5.7.17 Stranded Assets and Climate Disclosures

LPDD Recommendation: “The federal government, states, or the private sector could require companies to consider the possibility that their fossil fuel-related assets would be stranded, before making investment decisions.”

LPDD Recommendation: “State PUCs should consider the possibility of stranded assets when assessing proposals for fossil fuel infrastruc­ture that will be paid for by ratepayers, such as electric transmission lines and (in states where electric utilities are still vertically integrated) generating facilities.”

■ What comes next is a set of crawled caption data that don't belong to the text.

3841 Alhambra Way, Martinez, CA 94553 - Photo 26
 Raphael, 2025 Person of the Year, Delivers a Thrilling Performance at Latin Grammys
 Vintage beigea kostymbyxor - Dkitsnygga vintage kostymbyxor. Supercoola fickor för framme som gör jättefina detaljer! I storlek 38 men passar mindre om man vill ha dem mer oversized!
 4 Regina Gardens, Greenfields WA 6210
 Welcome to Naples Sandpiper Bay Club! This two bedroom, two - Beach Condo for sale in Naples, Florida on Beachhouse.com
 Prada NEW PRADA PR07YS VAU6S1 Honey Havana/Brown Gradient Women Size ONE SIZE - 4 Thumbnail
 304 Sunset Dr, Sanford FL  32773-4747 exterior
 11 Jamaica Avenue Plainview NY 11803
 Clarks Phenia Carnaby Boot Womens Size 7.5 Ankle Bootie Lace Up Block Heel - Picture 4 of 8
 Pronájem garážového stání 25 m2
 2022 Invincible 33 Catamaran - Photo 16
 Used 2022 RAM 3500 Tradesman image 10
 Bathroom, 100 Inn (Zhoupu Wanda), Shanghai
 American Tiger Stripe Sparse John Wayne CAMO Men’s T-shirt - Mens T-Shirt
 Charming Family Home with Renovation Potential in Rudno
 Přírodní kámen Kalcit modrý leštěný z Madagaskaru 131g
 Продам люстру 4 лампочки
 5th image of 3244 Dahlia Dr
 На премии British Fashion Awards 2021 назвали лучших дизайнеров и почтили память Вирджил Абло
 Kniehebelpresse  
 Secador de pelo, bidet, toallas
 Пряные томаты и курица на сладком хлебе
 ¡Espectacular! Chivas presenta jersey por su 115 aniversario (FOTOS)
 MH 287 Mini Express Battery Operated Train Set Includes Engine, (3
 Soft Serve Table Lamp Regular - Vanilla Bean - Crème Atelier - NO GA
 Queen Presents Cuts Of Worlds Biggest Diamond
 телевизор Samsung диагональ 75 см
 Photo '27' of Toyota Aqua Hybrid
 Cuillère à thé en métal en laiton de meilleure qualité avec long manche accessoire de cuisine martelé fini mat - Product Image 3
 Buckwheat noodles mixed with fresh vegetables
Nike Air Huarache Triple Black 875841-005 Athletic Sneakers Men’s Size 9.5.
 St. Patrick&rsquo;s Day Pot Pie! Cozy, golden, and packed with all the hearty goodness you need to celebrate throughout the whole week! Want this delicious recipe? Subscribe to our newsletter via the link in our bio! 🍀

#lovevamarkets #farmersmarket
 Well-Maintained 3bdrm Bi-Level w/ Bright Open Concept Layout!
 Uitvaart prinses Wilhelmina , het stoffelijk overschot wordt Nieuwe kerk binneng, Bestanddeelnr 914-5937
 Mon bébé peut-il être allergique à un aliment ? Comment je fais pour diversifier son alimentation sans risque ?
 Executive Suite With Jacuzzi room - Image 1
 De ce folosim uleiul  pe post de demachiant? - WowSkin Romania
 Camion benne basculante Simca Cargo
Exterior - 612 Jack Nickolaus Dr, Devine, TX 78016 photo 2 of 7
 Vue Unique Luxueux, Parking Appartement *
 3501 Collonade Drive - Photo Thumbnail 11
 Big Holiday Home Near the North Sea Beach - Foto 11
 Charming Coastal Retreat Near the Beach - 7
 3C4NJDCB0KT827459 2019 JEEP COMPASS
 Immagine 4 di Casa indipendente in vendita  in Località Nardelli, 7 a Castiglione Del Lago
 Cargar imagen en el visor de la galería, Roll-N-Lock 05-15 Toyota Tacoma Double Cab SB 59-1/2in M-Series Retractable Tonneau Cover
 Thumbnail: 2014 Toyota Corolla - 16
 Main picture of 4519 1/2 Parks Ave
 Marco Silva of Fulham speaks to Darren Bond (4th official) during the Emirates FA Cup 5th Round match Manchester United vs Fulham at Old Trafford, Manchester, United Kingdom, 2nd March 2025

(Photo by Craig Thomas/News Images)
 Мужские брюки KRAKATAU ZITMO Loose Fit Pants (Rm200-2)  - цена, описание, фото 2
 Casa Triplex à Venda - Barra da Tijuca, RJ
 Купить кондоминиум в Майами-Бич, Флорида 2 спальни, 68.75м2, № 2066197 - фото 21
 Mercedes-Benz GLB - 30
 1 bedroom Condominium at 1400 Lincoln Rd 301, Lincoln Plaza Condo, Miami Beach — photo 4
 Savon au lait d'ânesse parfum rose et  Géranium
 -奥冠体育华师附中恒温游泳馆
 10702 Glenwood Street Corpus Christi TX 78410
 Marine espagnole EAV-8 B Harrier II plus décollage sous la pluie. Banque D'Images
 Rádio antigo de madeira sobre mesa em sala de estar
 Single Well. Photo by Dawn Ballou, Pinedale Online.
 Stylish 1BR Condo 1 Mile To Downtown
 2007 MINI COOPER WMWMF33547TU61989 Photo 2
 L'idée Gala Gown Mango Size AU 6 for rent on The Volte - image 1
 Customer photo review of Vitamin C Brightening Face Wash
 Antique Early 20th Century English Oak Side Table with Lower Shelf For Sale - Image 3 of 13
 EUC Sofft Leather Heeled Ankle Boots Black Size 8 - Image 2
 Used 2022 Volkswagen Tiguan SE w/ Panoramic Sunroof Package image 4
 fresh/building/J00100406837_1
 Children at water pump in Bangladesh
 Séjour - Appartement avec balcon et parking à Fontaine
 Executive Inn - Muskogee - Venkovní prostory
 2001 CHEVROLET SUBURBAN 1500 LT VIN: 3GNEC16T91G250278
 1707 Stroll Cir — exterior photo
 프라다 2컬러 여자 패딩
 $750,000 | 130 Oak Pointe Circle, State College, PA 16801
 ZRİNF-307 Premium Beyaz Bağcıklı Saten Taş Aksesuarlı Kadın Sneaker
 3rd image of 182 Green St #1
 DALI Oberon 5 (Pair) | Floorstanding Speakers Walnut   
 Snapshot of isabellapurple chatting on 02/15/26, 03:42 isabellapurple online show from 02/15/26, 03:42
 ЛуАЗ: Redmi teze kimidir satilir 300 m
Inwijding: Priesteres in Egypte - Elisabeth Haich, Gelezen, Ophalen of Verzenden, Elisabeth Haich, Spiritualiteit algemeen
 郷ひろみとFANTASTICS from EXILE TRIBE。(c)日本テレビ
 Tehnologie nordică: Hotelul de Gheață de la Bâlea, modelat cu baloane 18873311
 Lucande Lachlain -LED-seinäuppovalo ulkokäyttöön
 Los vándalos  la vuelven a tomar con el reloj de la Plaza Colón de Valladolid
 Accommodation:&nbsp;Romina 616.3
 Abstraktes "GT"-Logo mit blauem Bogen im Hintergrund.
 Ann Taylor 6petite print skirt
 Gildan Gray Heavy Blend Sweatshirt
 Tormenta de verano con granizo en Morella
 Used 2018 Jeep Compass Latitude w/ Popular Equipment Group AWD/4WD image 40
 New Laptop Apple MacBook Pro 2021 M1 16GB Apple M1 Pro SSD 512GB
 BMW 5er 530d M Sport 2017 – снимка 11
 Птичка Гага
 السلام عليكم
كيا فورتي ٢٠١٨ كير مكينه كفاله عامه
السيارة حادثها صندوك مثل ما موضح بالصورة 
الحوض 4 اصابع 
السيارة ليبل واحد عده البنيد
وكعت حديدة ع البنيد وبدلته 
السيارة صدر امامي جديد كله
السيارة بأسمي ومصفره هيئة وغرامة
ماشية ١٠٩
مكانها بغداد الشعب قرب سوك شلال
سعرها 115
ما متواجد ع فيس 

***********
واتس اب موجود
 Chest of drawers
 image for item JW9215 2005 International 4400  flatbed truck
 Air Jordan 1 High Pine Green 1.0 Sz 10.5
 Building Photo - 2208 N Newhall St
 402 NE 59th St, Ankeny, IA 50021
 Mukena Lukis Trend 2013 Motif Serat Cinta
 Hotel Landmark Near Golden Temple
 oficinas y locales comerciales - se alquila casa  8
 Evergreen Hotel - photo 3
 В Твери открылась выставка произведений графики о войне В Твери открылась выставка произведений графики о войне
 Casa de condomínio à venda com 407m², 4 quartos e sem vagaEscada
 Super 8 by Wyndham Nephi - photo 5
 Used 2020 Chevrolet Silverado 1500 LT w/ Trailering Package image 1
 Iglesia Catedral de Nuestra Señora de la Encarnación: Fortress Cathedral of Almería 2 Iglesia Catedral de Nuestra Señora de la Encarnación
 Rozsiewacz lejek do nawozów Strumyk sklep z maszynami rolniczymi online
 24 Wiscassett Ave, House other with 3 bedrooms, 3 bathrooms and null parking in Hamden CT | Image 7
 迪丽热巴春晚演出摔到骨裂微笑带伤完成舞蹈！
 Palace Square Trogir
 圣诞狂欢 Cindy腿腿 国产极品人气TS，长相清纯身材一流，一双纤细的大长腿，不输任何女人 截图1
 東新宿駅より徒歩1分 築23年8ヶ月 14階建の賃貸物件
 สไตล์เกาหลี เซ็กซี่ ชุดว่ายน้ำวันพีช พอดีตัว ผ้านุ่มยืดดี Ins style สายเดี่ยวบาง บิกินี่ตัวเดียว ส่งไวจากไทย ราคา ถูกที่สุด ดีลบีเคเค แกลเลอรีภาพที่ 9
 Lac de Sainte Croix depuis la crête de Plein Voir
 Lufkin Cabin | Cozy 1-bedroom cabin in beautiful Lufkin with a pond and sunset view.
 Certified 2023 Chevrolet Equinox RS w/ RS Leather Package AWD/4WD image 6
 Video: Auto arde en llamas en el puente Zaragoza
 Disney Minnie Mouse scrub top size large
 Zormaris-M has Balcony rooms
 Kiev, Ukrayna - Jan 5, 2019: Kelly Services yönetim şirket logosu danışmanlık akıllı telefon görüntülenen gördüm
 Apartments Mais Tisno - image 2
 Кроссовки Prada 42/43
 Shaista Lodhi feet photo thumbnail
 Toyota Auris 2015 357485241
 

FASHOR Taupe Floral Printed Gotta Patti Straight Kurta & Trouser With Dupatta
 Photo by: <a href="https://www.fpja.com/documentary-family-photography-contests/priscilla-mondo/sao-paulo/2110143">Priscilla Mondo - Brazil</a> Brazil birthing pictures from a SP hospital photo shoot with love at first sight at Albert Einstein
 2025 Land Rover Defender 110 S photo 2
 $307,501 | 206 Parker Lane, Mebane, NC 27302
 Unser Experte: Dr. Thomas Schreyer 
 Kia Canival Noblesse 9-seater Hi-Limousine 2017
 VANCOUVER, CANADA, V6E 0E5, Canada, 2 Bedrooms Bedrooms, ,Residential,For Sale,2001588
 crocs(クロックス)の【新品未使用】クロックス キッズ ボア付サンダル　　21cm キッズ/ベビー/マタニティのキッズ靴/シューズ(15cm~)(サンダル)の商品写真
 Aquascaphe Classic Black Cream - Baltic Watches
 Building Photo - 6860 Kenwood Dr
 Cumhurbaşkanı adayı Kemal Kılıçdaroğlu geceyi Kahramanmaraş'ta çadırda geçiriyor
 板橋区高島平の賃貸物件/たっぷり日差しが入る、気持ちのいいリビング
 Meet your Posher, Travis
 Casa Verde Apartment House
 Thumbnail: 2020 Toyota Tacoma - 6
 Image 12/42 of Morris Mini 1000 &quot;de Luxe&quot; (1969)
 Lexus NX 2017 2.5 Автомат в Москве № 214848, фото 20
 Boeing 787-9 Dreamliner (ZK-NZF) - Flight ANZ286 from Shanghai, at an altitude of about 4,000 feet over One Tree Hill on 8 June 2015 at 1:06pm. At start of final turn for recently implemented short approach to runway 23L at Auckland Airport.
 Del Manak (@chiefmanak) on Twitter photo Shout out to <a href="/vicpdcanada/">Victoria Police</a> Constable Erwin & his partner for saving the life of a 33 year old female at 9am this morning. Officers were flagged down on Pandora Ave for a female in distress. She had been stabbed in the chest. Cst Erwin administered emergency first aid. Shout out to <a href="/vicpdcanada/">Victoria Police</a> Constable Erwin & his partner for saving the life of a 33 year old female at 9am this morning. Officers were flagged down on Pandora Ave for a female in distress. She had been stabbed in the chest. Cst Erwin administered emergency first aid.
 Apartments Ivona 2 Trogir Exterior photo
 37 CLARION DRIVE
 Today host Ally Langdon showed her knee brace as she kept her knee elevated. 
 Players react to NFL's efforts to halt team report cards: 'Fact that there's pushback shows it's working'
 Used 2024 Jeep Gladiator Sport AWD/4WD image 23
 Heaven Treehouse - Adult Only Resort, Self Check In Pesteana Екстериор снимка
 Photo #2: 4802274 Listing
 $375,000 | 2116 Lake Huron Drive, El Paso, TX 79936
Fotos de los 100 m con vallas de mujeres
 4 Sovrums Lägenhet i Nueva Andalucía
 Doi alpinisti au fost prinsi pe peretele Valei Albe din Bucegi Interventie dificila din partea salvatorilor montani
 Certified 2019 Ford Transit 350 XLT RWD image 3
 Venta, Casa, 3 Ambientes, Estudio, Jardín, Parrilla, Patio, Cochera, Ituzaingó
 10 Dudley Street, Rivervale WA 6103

LPDD Recommendation: “CEQ should reinstate its 2016 guidance for considering GHG emissions in NEPA review.”

Massachusetts Gas Transition Order

Prohibits gas utilities from charging customers for new gas infrastructure if there are viable alternatives, and from using ratepayer money to "promote" natural gas.

Proposed California Climate Corporate Data Accountability Act

would require all companies earning at least $1 billion in revenue and doing business in the state to provide information on their global carbon footprints starting in 2026, including emissions from direct operations, energy use and supply chains.

SEC Rules on Climate Disclosure (Updated March 2024)

Several climate-related disclosure rules, ranging from discussions of climate-risk evaluation and governance to the impact of specific climate-related events on financial statement line items and related expenditures.